The New Year is a time for resolutions, for looking back and, well, deciding to maybe do a few things differently. It's a good thing George W. Bush's tenure is over because, judging from his last press conference, he wouldn't change a thing about his eight years in office. No New Years -- or any other kind of resolutions for the man who presided over two disastrous wars, a deadly non-response to global warming and hurricanes Katrina and Rita, and who oversaw the unraveling of the American economy, benefiting a few, and bankrupting the rest.
Bush's only solace—remember he doesn't drink anymore—appears to be the long view. He told reporters that, “there is no such thing as short term history.” In Bush's world, which we learned a few years ago is not the same reality based world that the rest of us live in, history may not exist at all.
Sure, he made a few mistakes. The Mission Accomplished banner was a bad idea; he should have visited New Orleans sooner; Abu Ghraib was a “huge disappointment;” and the failure to find WMD in Iraq was “a significant disappointment.”
I don't think "disappointment" is the word the forty-one Marines who committed suicide this year would have used to describe the war in Iraq. The headline in today's LA Times reads: Marine suicides in 2008 at a yearly high since Iraq invasion. The suicide rate among active duty Marines is at its highest since the war in Iraq began.

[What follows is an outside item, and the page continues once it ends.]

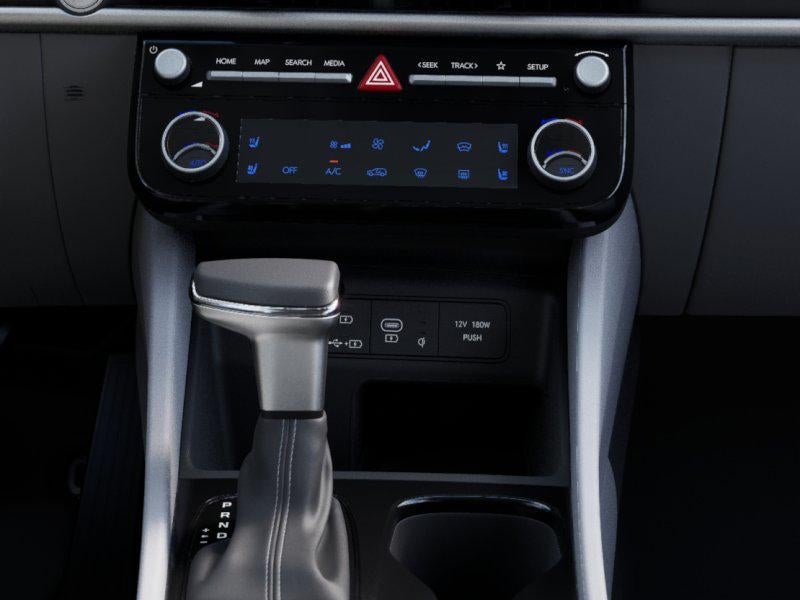 2026 Hyundai TUCSON SEL Plus FWD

Bush's colleagues often talked about making reality: and contrasted themselves with the reality based community. As Bush leaves office he seems entirely out of touch with real life still. But for hundreds of thousands of military families, and millions of people across the world, there's no period at the end of the Bush sentence. Indeed, Bush has sentenced millions of people to a lifetime of loss, of damaged lives, that will endure into future generations. Bush made a reality for sure. Now they have to live in it.